Мессианство как политический фактор
Один из авторов этой книги однажды задал Путину прямой вопрос: зачем он вернулся на третий срок? Это же предназначение — президент в России всегда больше, чем президент. Должна быть некая сверхзадача. Владимир Владимирович ответил: «Знаете, когда начинаешь об этом говорить серьезно, это как-то неправильно. Надо просто работать». То есть он уходит от этого вопроса.
Говоря, что Путин пришел как президент ценностей, мы, конечно, опираемся только на наши соображения по этому поводу. По большому счету, это лишь ожидания — впрямую Путин ни разу о целостной системе ценностей не говорил. Нигде нет декларации ценностей Путина, нигде нет ни слова о его идеологических установках — за исключением единственной книги «Путин. Его идеология», которую когда-то давно написал Алексей Чадаев. В то же время трудно усомниться в том, что внутренняя система ценностей у Путина присутствовала постоянно. И есть ощущение, что в какой-то момент времени он ответил себе на вопрос: «Для чего? Я так высоко вознесся, получил высшую должность в стране, находясь прежде на несравнимых позициях. Ничто не предвещало. Для чего я здесь?»

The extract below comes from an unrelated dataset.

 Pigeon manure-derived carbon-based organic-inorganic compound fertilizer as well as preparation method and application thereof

По большому счету, любой человек, прошедший такой путь, который прошел Путин, становится мистиком — особенно если у него есть к этому склонность. Он начинает очень серьезно относиться к определенным вещам и событиям, видя в них проявление высшей воли. И есть основания полагать (подчеркнем, что все это тоже лишь соображения авторов, имеющие, тем не менее, полное право на существование), что с Путиным произошло то же самое.
Атеистам и сугубым прагматикам такая мысль покажется по меньшей мере странной — но это просто потому, что у них не было (да и не будет) возможности ощутить те колоссальные изменения, которые происходят в душе человека, когда он занимает кремлевский трон. Ведь, если подумать, людей, которые оказывались на этом месте, было не так-то много — и полусотни не наберется. Хоть на три дня в это кресло сел — и ты навсегда в истории. Ты попадаешь в один ряд с Иваном Грозным, Петром Великим, Екатериной Великой, Лениным, Сталиным, Горбачевым, Ельциным… Имена-то какие!

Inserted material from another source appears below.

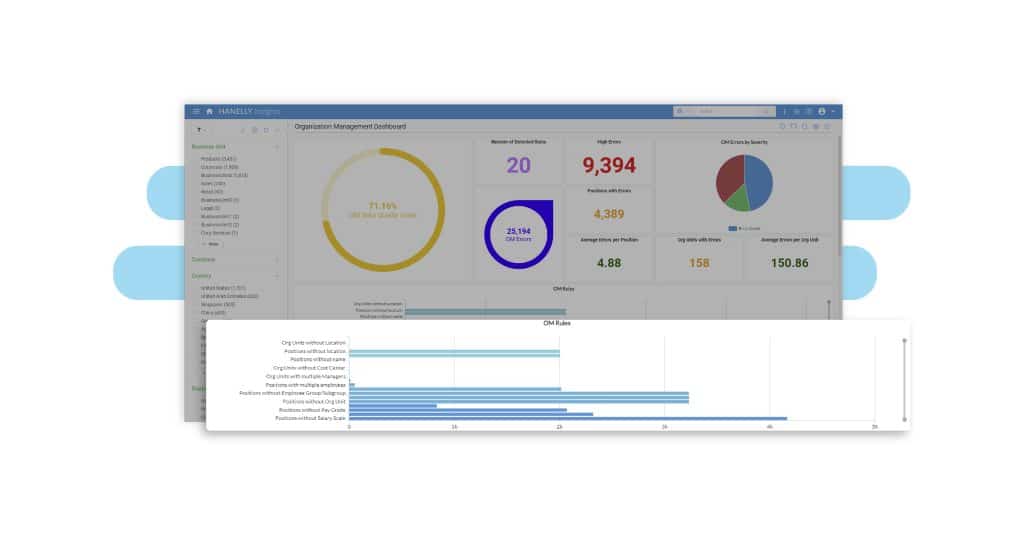 Nakisa Hanelly’s 4 latest features drive organizational agility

Неизбежно возникает вопрос: «Зачем?» Ответ может быть, как у Виктора Януковича на Украине: чтобы обогащаться. Проще говоря — грабить страну. Путин со всей очевидностью ответил иначе. Поэтому в его первый срок были Чеченская война и олигархи. Во второй срок он уже сделал попытку выстроить какую-то экономическую модель: как раз в то время появилась «Стратегия 2020» и много говорилось об удвоении ВВП.

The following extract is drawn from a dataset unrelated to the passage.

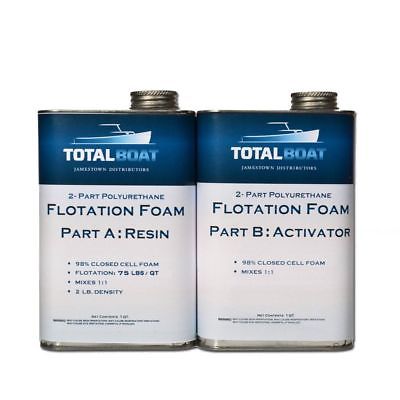 TotalBoat Liquid Urethane Foam Kit 2 Lb Density, Closed Cell for Flotation #6TC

Разумеется, эта работа даже близко не закончена, к тому же действующая экономическая доктрина сильно изменилась после кризиса 2008 года. Однако дело совсем в другом. Путин, похоже, вернулся из-за глубокого недовольства тем, что и как происходит в стране, вернулся, потому что осознал: больше некому. И это самое печальное. Факт возвращения Путина означает, что некому передоверить управление страной.
Комбинация с Медведевым себя не оправдала. К слову, хотя Дмитрия Анатольевича принято считать либеральным политиком, ориентированным на Запад и западные ценности, он, на наш взгляд, даже меньший либерал, чем Путин. Например, когда начался скандал с «Эхо Москвы», вызванный их весьма однозначным освещением войны в Грузии, желанием высшей власти было закрыть радиостанцию к чертовой матери. И именно Путин это остановил. А на заседании после теракта в Домодедово Медведев говорил такие вещи — сразу находя виновных, — которые идеально противоречили представлению о демократии, инвестициях и политике западного типа.